Well, it depends who you ask.
When the U.S. Department of Agriculture first wanted to release the beetles, the U.S. Fish and Wildlife Service gave the go-ahead—as long as the beetles weren’t released along the Rio Grande in New Mexico or Texas. That’s because the southwestern willow flycatcher, a rare bird, builds its nests in tamarisk when it can’t find native willow trees.
The Fish and Wildlife Service said the beetles could be released, just not within 200 miles of any nesting flycatchers.
“People stayed out of that range. But the bugs didn’t,” says Gina Dello Russo, an ecologist with the Fish and Wildlife Service. She works at Bosque del Apache National Wildlife Refuge, which has about 20 pairs of the flycatchers during nesting season. She’s also the New Mexico Invasive Species Strike Team Coordinator.
With fewer willows along the Rio Grande than in the past, the birds sometimes nest in tamarisk trees. Dello Russo explains: “If you can picture very dense vegetation with a structure that has a lot of crossing branches when you get up to six, nine, ten feet high…and they put their cup nests in those crossing branches.”
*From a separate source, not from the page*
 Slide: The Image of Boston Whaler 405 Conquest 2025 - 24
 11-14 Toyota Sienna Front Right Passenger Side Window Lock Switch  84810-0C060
Dello Russo actually doesn’t sound all that worried about the flycatcher. Unlike southern Arizona, where tamarisk has completely overtaken streams, here, she says, the flycatchers still have some willows. And places like the refuge are doing restoration projects—removing tamarisk and then planting willows and other native trees.
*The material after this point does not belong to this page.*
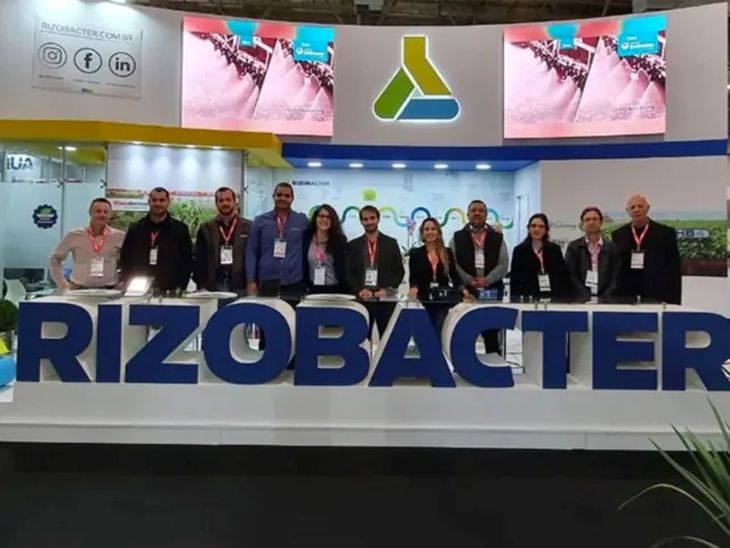 Rizobacter negocia con bonistas la postergación de un pago clave en un escenario marcado por la sequía, la caída del mercado agroquímico y la presión financiera.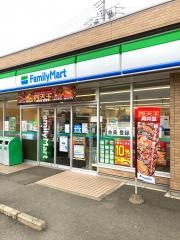 ファミリーマート　伊勢御薗町店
She is concerned that people may be putting too much faith in the diorhabda to take care of the tamarisk problem. “I’ve been asked already, ‘Then why are we putting money into tamarisk control if we’ve got this leaf beetle that’s going to take care of it for us?’” she says.
But she believes there is still work to be done, even after beetles devour the tree’s leaves. The dead trees need to be pulled out by the roots and removed—and native trees need to be planted in their place.
“I don’t think we should change the way we do things or [change] our efforts that are underway. Yet,” she says. “Until we see what part the bug actually plays in our management of tamarisk and our management of southwestern willow flycatcher habitat.”
Meanwhile, Robin Silver isn’t surprised that the beetles have already made it halfway through New Mexico. The environmental group he co-founded, the Center for Biological Diversity, opposed the beetle releases.
“There was a long and very ugly battle to stop the release,” he says.
The group worried about the flycatchers, which Silver says return each year to the same nesting spots. Without leaves to hide their nests, the birds are vulnerable to predators.
The beetle hasn’t yet made it to where flycatchers nest in Arizona, so there is still time, Silver says. “Your window in New Mexico is slamming shut,” he says. “But in Arizona, we have a short window where we might be able to get some restoration activities going and then seeing if we can get some alternative nesting habitat for the flycatchers, before there is nothing.”
In fact, the two species—the beetles and the birds—are about to converge in central New Mexico.
Back in July, when Hummell was whacking tamarisk trees, she learned the beetles had made it to Albuquerque’s South Valley. Now, two months later, the beetles have traveled even further south along the Rio Grande—to the Pueblo of Isleta.
And that’s exactly where two pairs of flycatchers nested this season. From there, the bird’s habitat stretches to the south, to the Bosque del Apache National Wildlife Refuge and on along the lower Rio Grande.
Right now, no one knows right now how the standoff will end. And the beetles are still on the move.